> _Records from a collection_:

────

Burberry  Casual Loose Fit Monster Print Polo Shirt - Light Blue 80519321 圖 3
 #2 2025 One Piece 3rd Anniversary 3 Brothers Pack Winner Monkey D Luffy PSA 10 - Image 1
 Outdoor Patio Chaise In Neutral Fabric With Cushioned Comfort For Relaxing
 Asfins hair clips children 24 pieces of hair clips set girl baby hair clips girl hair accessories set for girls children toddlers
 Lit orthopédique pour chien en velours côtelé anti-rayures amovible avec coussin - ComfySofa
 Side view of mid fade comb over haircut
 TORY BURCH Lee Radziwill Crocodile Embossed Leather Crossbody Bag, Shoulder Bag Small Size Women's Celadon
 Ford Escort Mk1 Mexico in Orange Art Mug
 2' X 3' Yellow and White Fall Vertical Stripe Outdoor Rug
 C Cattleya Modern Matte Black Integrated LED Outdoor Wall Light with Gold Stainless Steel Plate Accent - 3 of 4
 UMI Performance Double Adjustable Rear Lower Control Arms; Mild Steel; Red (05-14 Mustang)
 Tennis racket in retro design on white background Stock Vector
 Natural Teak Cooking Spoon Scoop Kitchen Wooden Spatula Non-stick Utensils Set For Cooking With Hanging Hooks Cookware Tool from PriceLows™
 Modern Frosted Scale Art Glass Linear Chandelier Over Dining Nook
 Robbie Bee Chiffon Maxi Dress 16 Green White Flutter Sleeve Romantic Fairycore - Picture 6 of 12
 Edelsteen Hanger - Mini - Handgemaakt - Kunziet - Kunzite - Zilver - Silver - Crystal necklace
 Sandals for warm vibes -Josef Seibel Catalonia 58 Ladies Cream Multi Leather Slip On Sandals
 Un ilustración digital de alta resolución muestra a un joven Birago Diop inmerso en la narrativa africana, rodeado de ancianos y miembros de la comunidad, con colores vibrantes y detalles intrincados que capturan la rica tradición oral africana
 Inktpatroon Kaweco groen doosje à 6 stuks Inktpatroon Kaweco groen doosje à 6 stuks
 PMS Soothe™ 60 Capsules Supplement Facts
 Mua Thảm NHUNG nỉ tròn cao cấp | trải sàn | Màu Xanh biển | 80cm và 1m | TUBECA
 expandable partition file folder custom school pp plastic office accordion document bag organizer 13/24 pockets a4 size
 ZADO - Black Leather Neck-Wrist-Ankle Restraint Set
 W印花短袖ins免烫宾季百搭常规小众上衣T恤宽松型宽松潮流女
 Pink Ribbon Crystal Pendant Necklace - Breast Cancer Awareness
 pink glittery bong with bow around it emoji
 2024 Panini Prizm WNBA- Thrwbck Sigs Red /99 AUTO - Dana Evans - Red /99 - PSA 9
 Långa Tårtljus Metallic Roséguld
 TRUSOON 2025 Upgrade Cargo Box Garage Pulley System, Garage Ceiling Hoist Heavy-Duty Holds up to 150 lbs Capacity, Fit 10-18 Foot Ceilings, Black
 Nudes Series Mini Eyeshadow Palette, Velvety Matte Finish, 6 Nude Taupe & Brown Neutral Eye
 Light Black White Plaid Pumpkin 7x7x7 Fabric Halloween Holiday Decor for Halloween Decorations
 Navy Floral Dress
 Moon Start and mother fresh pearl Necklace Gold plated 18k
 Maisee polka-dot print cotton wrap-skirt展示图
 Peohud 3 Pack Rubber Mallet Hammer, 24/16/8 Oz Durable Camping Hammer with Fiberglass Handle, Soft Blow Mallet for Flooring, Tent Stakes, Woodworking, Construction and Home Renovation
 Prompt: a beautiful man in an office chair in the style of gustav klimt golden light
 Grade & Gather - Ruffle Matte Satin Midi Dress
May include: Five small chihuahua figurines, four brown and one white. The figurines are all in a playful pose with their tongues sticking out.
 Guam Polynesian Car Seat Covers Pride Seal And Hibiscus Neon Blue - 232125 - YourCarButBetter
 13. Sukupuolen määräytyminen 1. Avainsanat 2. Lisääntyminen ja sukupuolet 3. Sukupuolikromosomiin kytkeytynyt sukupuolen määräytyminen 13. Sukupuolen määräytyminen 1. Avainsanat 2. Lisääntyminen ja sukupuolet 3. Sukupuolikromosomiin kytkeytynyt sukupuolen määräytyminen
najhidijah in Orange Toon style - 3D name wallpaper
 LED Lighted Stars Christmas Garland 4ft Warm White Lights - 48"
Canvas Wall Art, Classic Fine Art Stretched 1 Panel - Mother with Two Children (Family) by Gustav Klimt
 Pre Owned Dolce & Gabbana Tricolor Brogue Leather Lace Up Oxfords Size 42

────

> _DIRECTIONS_: Please restate every line of the records exactly.

> _TASK RESULT_:
Burberry  Casual Loose Fit Monster Print Polo Shirt - Light Blue 80519321 圖 3
 #2 2025 One Piece 3rd Anniversary 3 Brothers Pack Winner Monkey D Luffy PSA 10 - Image 1
 Outdoor Patio Chaise In Neutral Fabric With Cushioned Comfort For Relaxing
 Asfins hair clips children 24 pieces of hair clips set girl baby hair clips girl hair accessories set for girls children toddlers
 Lit orthopédique pour chien en velours côtelé anti-rayures amovible avec coussin - ComfySofa
 Side view of mid fade comb over haircut
 TORY BURCH Lee Radziwill Crocodile Embossed Leather Crossbody Bag, Shoulder Bag Small Size Women's Celadon
 Ford Escort Mk1 Mexico in Orange Art Mug
 2' X 3' Yellow and White Fall Vertical Stripe Outdoor Rug
 C Cattleya Modern Matte Black Integrated LED Outdoor Wall Light with Gold Stainless Steel Plate Accent - 3 of 4
 UMI Performance Double Adjustable Rear Lower Control Arms; Mild Steel; Red (05-14 Mustang)
 Tennis racket in retro design on white background Stock Vector
 Natural Teak Cooking Spoon Scoop Kitchen Wooden Spatula Non-stick Utensils Set For Cooking With Hanging Hooks Cookware Tool from PriceLows™
 Modern Frosted Scale Art Glass Linear Chandelier Over Dining Nook
 Robbie Bee Chiffon Maxi Dress 16 Green White Flutter Sleeve Romantic Fairycore - Picture 6 of 12
 Edelsteen Hanger - Mini - Handgemaakt - Kunziet - Kunzite - Zilver - Silver - Crystal necklace
 Sandals for warm vibes -Josef Seibel Catalonia 58 Ladies Cream Multi Leather Slip On Sandals
 Un ilustración digital de alta resolución muestra a un joven Birago Diop inmerso en la narrativa africana, rodeado de ancianos y miembros de la comunidad, con colores vibrantes y detalles intrincados que capturan la rica tradición oral africana
 Inktpatroon Kaweco groen doosje à 6 stuks Inktpatroon Kaweco groen doosje à 6 stuks
 PMS Soothe™ 60 Capsules Supplement Facts
 Mua Thảm NHUNG nỉ tròn cao cấp | trải sàn | Màu Xanh biển | 80cm và 1m | TUBECA
 expandable partition file folder custom school pp plastic office accordion document bag organizer 13/24 pockets a4 size
 ZADO - Black Leather Neck-Wrist-Ankle Restraint Set
 W印花短袖ins免烫宾季百搭常规小众上衣T恤宽松型宽松潮流女
 Pink Ribbon Crystal Pendant Necklace - Breast Cancer Awareness
 pink glittery bong with bow around it emoji
 2024 Panini Prizm WNBA- Thrwbck Sigs Red /99 AUTO - Dana Evans - Red /99 - PSA 9
 Långa Tårtljus Metallic Roséguld
 TRUSOON 2025 Upgrade Cargo Box Garage Pulley System, Garage Ceiling Hoist Heavy-Duty Holds up to 150 lbs Capacity, Fit 10-18 Foot Ceilings, Black
 Nudes Series Mini Eyeshadow Palette, Velvety Matte Finish, 6 Nude Taupe & Brown Neutral Eye
 Light Black White Plaid Pumpkin 7x7x7 Fabric Halloween Holiday Decor for Halloween Decorations
 Navy Floral Dress
 Moon Start and mother fresh pearl Necklace Gold plated 18k
 Maisee polka-dot print cotton wrap-skirt展示图
 Peohud 3 Pack Rubber Mallet Hammer, 24/16/8 Oz Durable Camping Hammer with Fiberglass Handle, Soft Blow Mallet for Flooring, Tent Stakes, Woodworking, Construction and Home Renovation
 Prompt: a beautiful man in an office chair in the style of gustav klimt golden light
 Grade & Gather - Ruffle Matte Satin Midi Dress
May include: Five small chihuahua figurines, four brown and one white. The figurines are all in a playful pose with their tongues sticking out.
 Guam Polynesian Car Seat Covers Pride Seal And Hibiscus Neon Blue - 232125 - YourCarButBetter
 13. Sukupuolen määräytyminen 1. Avainsanat 2. Lisääntyminen ja sukupuolet 3. Sukupuolikromosomiin kytkeytynyt sukupuolen määräytyminen 13. Sukupuolen määräytyminen 1. Avainsanat 2. Lisääntyminen ja sukupuolet 3. Sukupuolikromosomiin kytkeytynyt sukupuolen määräytyminen
najhidijah in Orange Toon style - 3D name wallpaper
 LED Lighted Stars Christmas Garland 4ft Warm White Lights - 48"
Canvas Wall Art, Classic Fine Art Stretched 1 Panel - Mother with Two Children (Family) by Gustav Klimt
 Pre Owned Dolce & Gabbana Tricolor Brogue Leather Lace Up Oxfords Size 42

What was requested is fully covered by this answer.